• WHAT YOU HAVE TO DO: Please restate the data word for word.

• RECORDS:
####
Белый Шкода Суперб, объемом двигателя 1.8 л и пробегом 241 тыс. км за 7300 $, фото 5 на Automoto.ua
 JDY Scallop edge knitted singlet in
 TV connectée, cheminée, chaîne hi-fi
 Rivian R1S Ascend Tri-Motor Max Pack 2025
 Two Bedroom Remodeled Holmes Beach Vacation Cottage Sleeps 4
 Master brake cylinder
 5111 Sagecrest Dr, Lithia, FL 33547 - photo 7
####
• EXERCISE RESPONSE:
Белый Шкода Суперб, объемом двигателя 1.8 л и пробегом 241 тыс. км за 7300 $, фото 5 на Automoto.ua
 JDY Scallop edge knitted singlet in
 TV connectée, cheminée, chaîne hi-fi
 Rivian R1S Ascend Tri-Motor Max Pack 2025
 Two Bedroom Remodeled Holmes Beach Vacation Cottage Sleeps 4
 Master brake cylinder
 5111 Sagecrest Dr, Lithia, FL 33547 - photo 7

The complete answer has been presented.